** Opening Source material block **

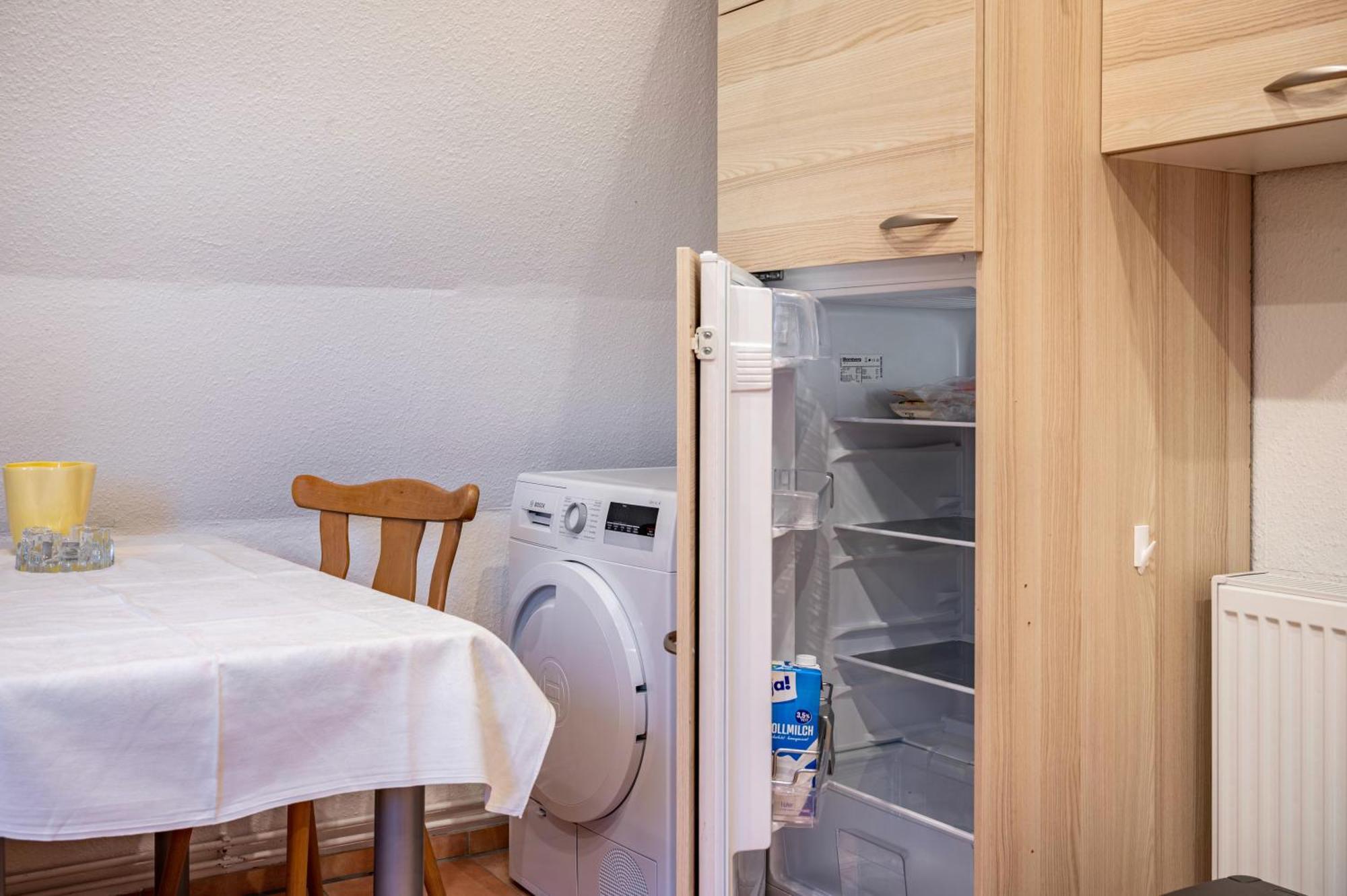Haus Heidorn Apartment Sittensen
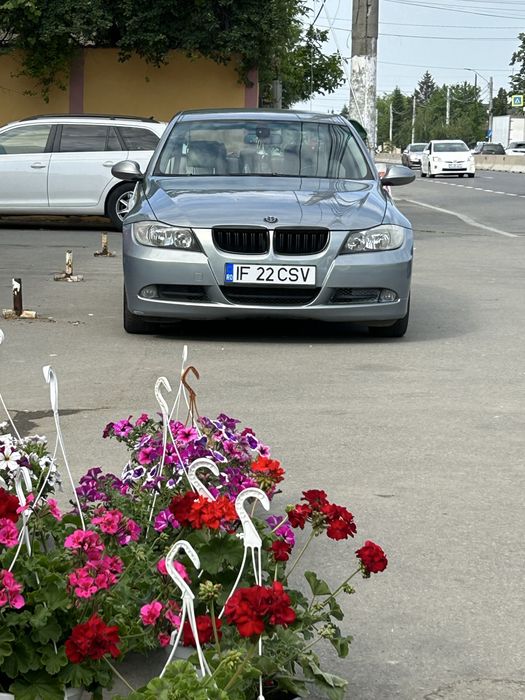Bmw seria 3 e90.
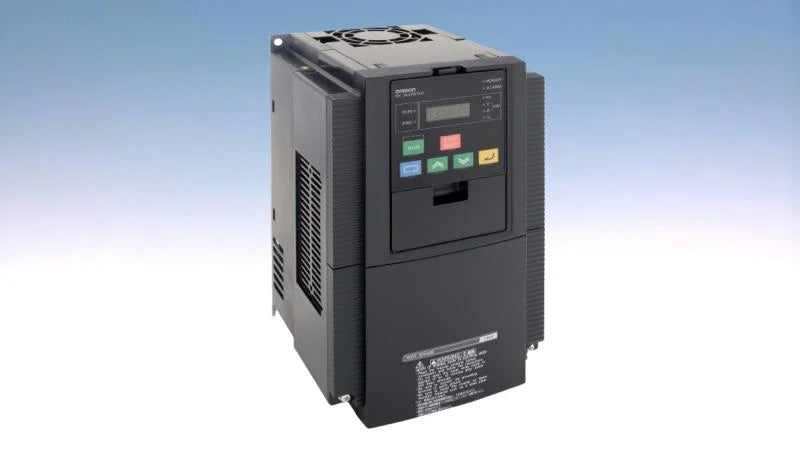 Omron 3G3RX-A4075-E1F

** Closing Source material block **

__Problem requirements__
Word for word, give the listing above again, but drop any pictures.

__Result__
Haus Heidorn Apartment Sittensen
Bmw seria 3 e90.
 Omron 3G3RX-A4075-E1F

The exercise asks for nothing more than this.